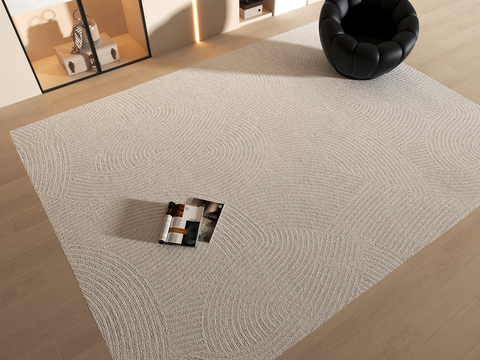 Quiet Square Carpet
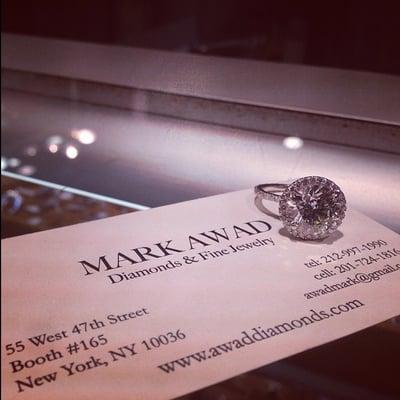 MARK AWAD DIAMONDS & FINE JEWELRY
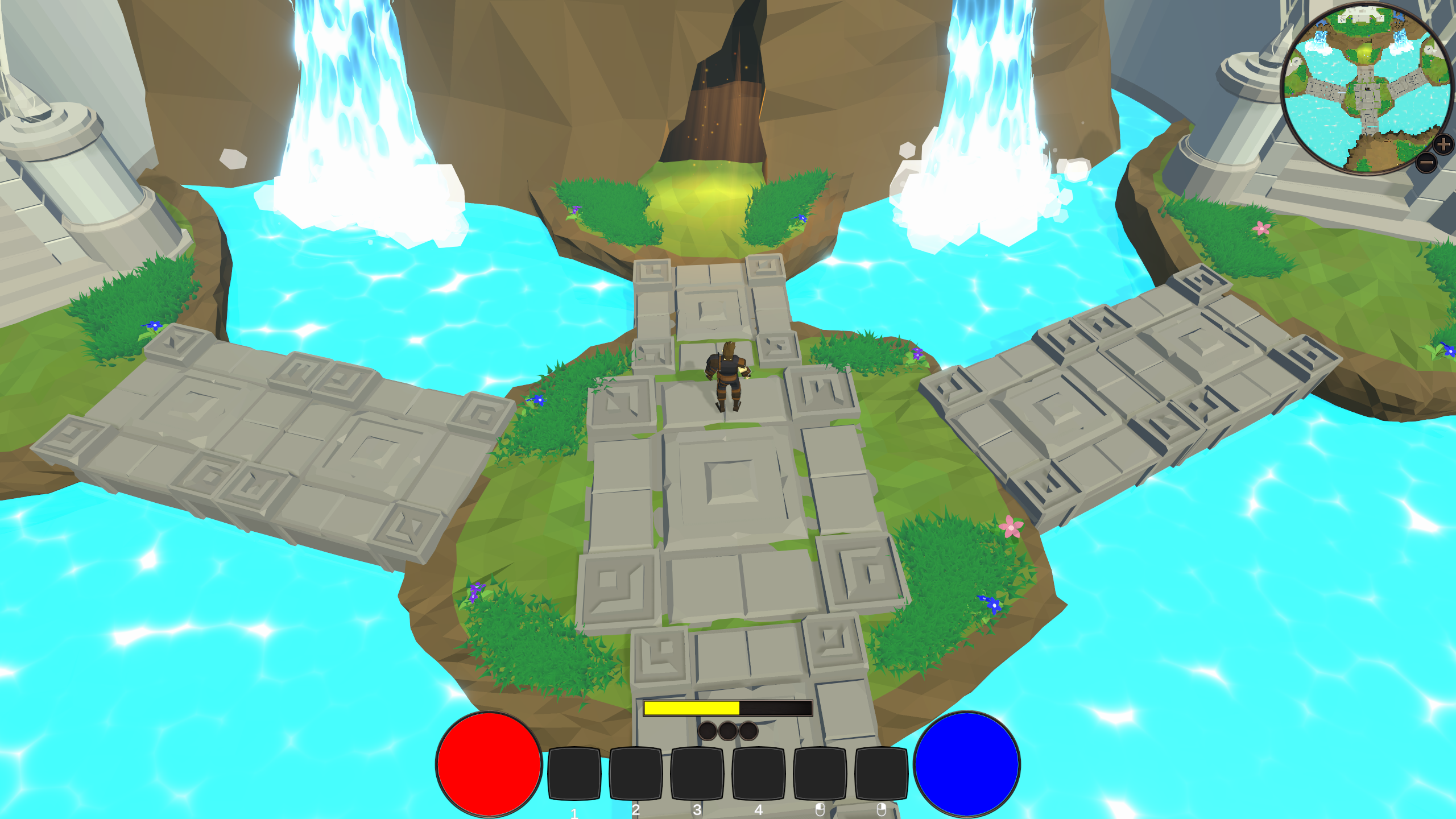 Echoes of Mayhem - Screenshot 4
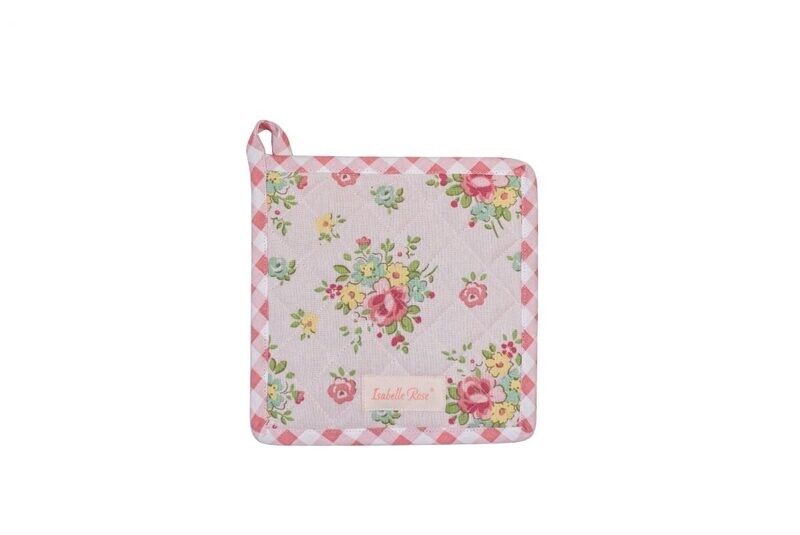 Topflappen Abby pastel pink Topflappen Abby pastel pink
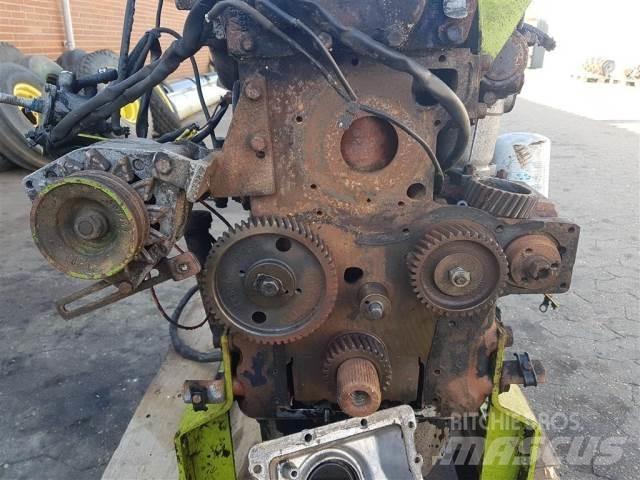 Perkins 6.354 Motorji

-.-.-

→ **TASK STATEMENT**
Word for word, return the material above; the pictures stay out.

→ **EXERCISE RESULT**
 Quiet Square Carpet
 MARK AWAD DIAMONDS & FINE JEWELRY
 Echoes of Mayhem - Screenshot 4
 Topflappen Abby pastel pink Topflappen Abby pastel pink
 Perkins 6.354 Motorji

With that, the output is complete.